• **Problem statement**: Reproduce, word for word, the lines in the material below starting with the one that has "Kompressor, klimatanläggning Nissens" and going on through the one that has "Insektenhotel im Ökowerk Teufelssee". Leave out all pictures.

==== Task input ====

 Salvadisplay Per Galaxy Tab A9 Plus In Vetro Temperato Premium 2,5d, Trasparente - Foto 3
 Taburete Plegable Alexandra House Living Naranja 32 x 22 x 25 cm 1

====
==== Task input ====

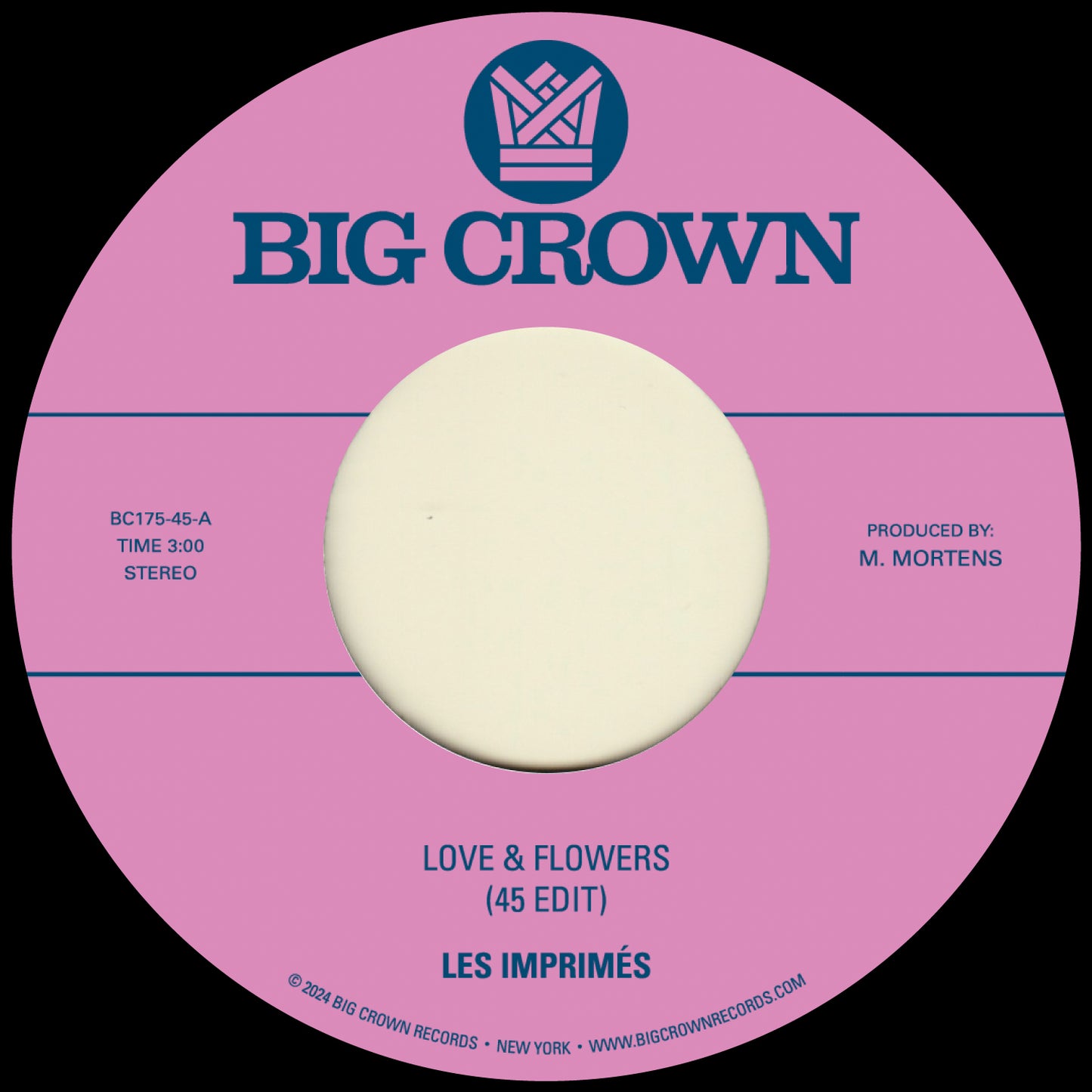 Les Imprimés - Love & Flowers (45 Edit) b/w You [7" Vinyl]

====
==== Task input ====

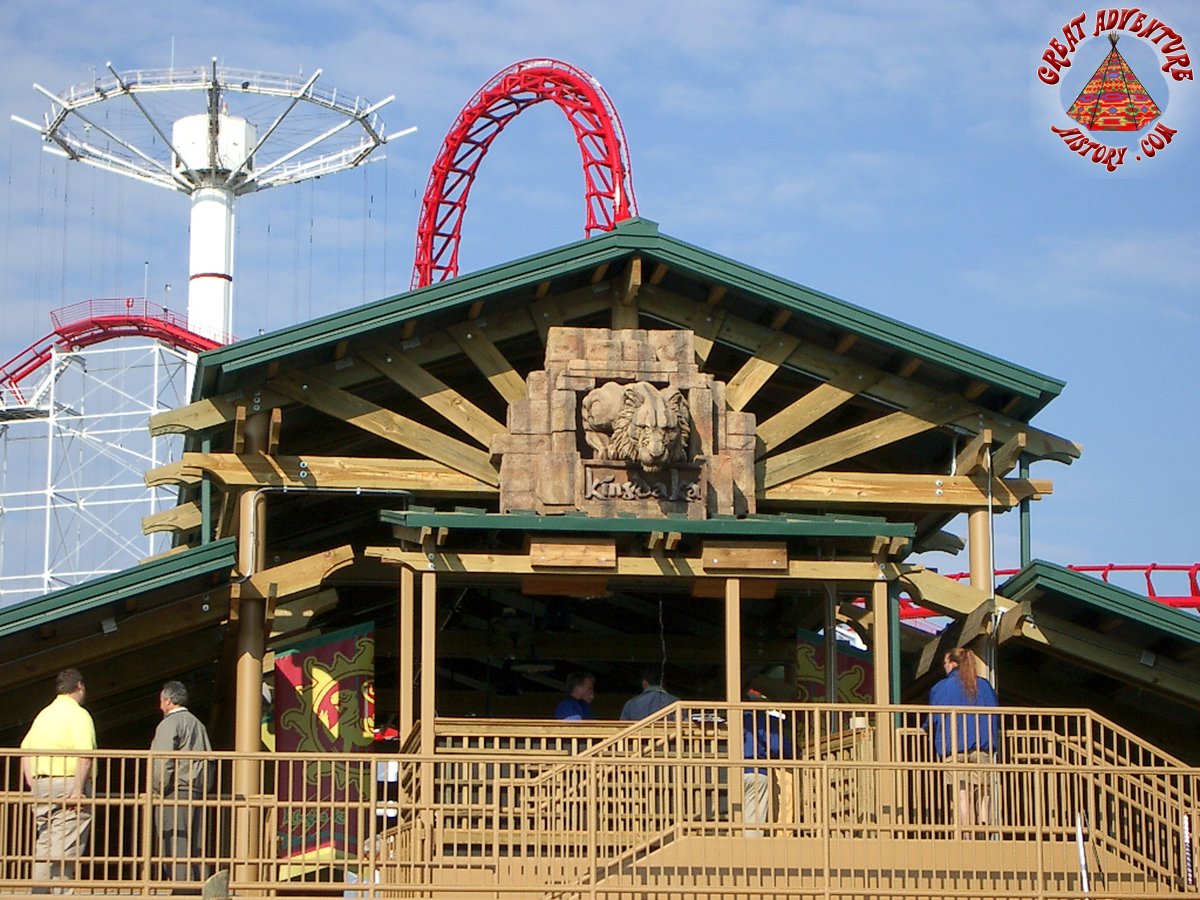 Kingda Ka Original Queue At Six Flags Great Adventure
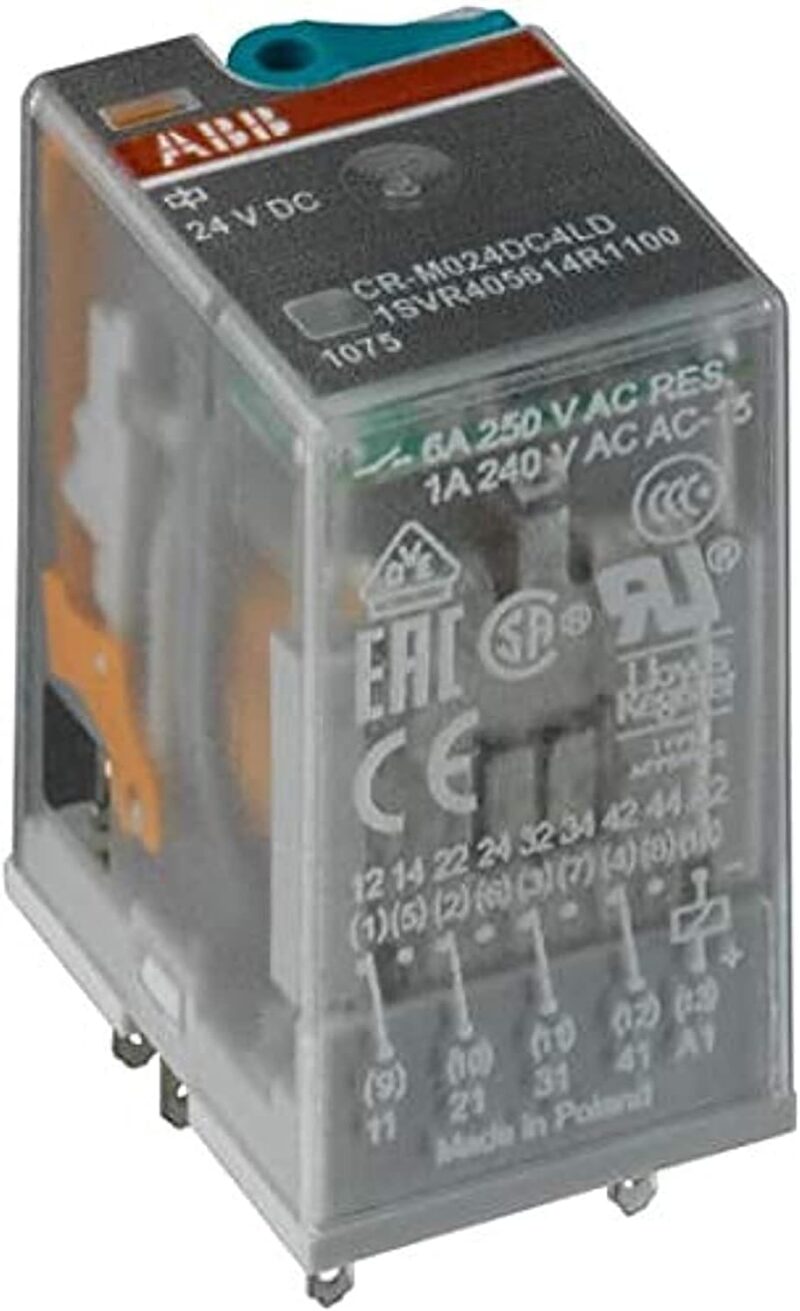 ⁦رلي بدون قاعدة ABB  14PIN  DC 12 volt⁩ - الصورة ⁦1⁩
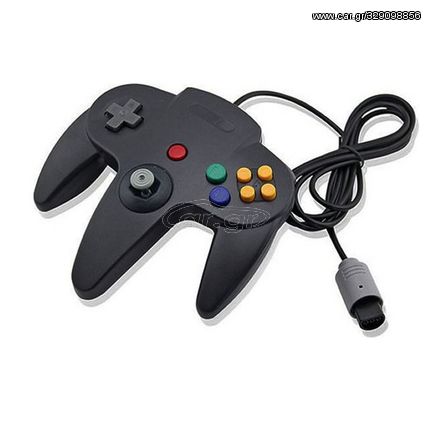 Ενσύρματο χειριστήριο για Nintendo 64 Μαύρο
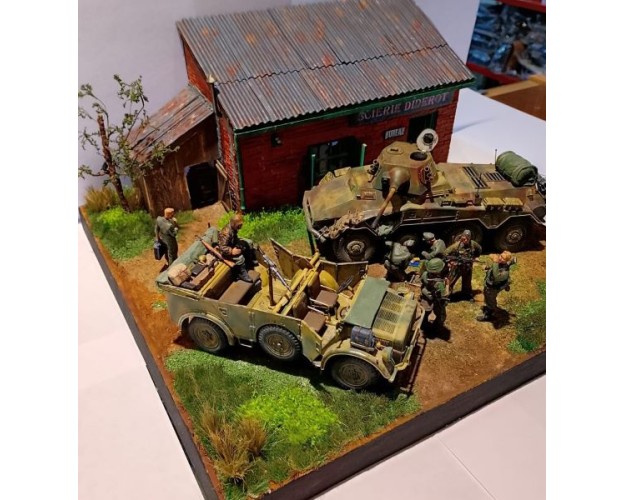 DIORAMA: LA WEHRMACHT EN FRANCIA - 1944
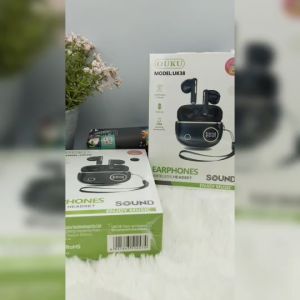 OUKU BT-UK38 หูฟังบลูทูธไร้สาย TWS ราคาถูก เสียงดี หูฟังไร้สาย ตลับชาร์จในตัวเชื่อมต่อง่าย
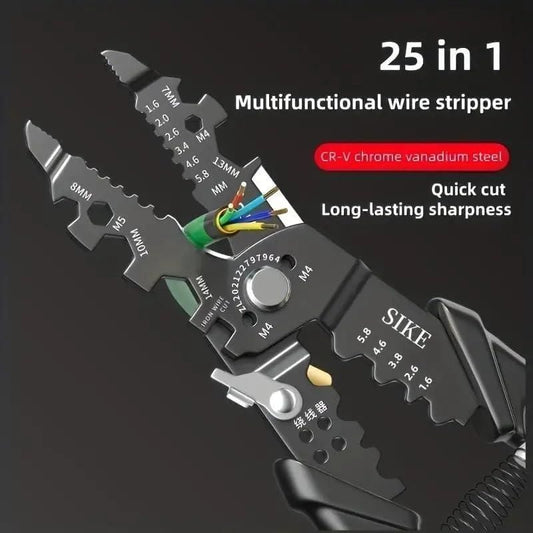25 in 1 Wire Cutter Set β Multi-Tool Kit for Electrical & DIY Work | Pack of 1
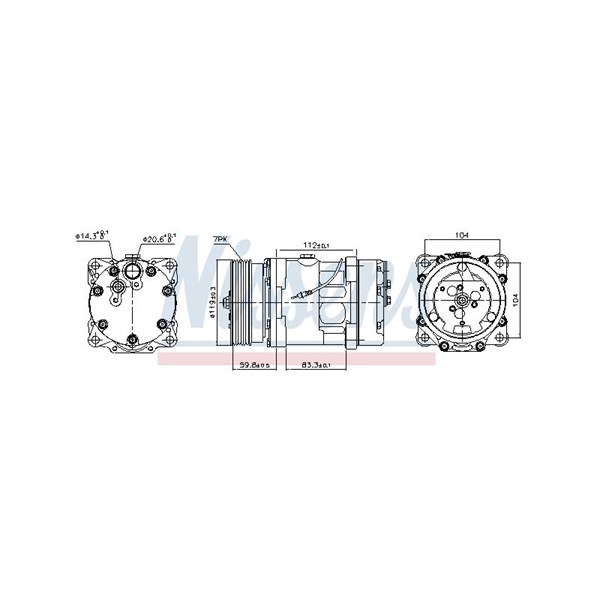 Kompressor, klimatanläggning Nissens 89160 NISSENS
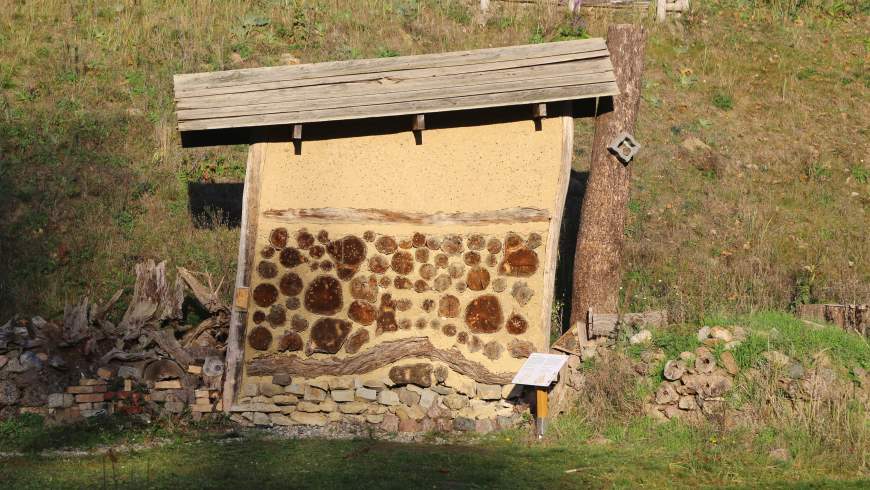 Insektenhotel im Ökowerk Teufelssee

====

• **Solution to the problem**:
 Kompressor, klimatanläggning Nissens 89160 NISSENS
 Insektenhotel im Ökowerk Teufelssee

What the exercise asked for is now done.